Generally it seems like FIFA 10 removes a lot of the hand-holding provided during game play that we’ve seen in previous titles. That doesn’t mean to say there aren’t any visual indicators at all, but a lot more control has been handed to us as gamers to play in our own particular style. Of course we still have a few of traditional quirks of the series such as commentary which becomes quite repetitive after a while due to a lack of samples, but you can download additional commentary packs to hear the dulcet tones of John Motson and Mark Lawrenson to add a little variety to the experience and cushion the blow a little.
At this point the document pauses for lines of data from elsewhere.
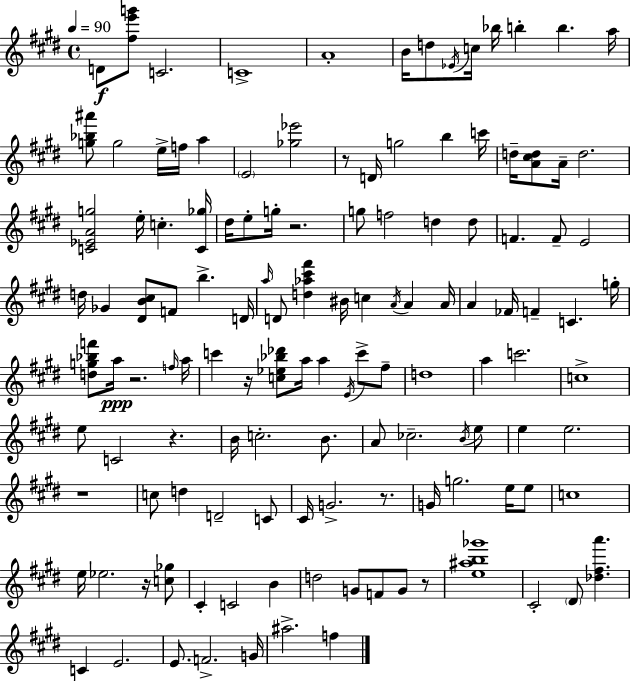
{
  \clef treble
  \time 4/4
  \defaultTimeSignature
  \key e \major
  \tempo 4 = 90
  d'8\f <fis'' e''' g'''>8 c'2. | c'1-> | a'1-. | b'16 d''8 \acciaccatura { ees'16 } c''16 bes''16 b''4-. b''4. | \break a''16 <g'' bes'' ais'''>8 g''2 e''16-> f''16 a''4 | \parenthesize e'2 <ges'' ees'''>2 | r8 d'16 g''2 b''4 | c'''16 d''16-- <a' cis'' d''>8 a'16-- d''2. | \break <c' ees' a' g''>2 e''16-. c''4.-. | <c' ges''>16 dis''16 e''8-. g''16-. r2. | g''8 f''2 d''4 d''8 | f'4. f'8-- e'2 | \break d''16 ges'4 <dis' b' cis''>8 f'8 b''4.-> | d'16 \grace { a''16 } d'8 <d'' aes'' cis''' fis'''>4 bis'16 c''4 \acciaccatura { a'16 } a'4 | a'16 a'4 fes'16 f'4-- c'4. | g''16-. <d'' g'' bes'' f'''>8 a''16\ppp r2. | \break \grace { f''16 } a''16 c'''4 r16 <c'' ees'' bes'' des'''>8 a''16 a''4 | \acciaccatura { e'16 } c'''8-> fis''8-- d''1 | a''4 c'''2. | c''1-> | \break e''8 c'2 r4. | b'16 c''2.-. | b'8. a'8 ces''2.-- | \acciaccatura { b'16 } e''8 e''4 e''2. | \break r1 | c''8 d''4 d'2-- | c'8 cis'16 g'2.-> | r8. g'16 g''2. | \break e''16 e''8 c''1 | e''16 ees''2. | r16 <c'' ges''>8 cis'4-. c'2 | b'4 d''2 g'8 | \break f'8 g'8 r8 <e'' ais'' b'' ges'''>1 | cis'2-. \parenthesize dis'8 | <des'' fis'' a'''>4. c'4 e'2. | e'8. f'2.-> | \break g'16 ais''2.-> | f''4 \bar "|."
}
However, if the traditional game play aspect of FIFA 10 doesn’t tickle your fancy there is always the obligatory manager mode that seems to come with FIFA titles these days. Up until FIFA 10 I’d considered FIFA 2005 to have the best manager mode of the series as it provided player development, had a ridiculously easy interface that even a five year old could use and was very realistic when it came to manager renown and player form.
This seemed to have been taken down a peg or do in the years following, possibly because EA were concerned about sales of Total Club Manager. But with FIFA 10 we finally see a new, more realistic manager mode which focuses on your trying to impress the club board of directors and balance your budget. In previous titles you earned money by winning games and wound up buying the best players in the game, but in FIFA10 buying players from big clubs will result in a sizable premium on their sale price. The only realities they haven’t emulated are Russian oil tycoons buying up a club and giving a blank cheque to buy talent, or players requesting transfers.
But the real selling point of FIFA 10 is ‘Be a Pro’. You can either choose an existing player or create your own, join a club and then play for several seasons working your way up through club football and ultimately to international glory. You are set goals each game that you need to achieve to up your reputation which will help you get picked for more competitive matches or bought by other clubs.
But so far so like ‘FIFA 09 with FIFA 10 enhancements’. What really sets this apart from previous titles? It absolutely has to be the online aspect. You can play in teams of 10 other people all controlling the customized pros they’ve been training up offline in vast net-based competitions (with sizeable prizes up for grabs in the official competitions). There are also the traditional team versus team competitions we’ve all grown to love, but for those who want to truly immerse themselves in the action you won’t be disappointed.
So what’s the verdict? FIFA 10 is still the de facto choice as a footballing game any of your friends could pick up, play and join in with you. Though Pro Evolution Soccer provides more in terms of player development FIFA 10 is an excellent all-rounder with plenty to keep the die-hard fan happy while still catering excellently for the casual gamer. This is a real landmark in the series and well worth the cash for the number of hours you will inevitably spend glued to your seat trying desperately to injure Christiano Ronaldo or get England to win something for a change. If you’ve been putting off buying the latest title for a more distinctive release, then consider your wait well and truly over.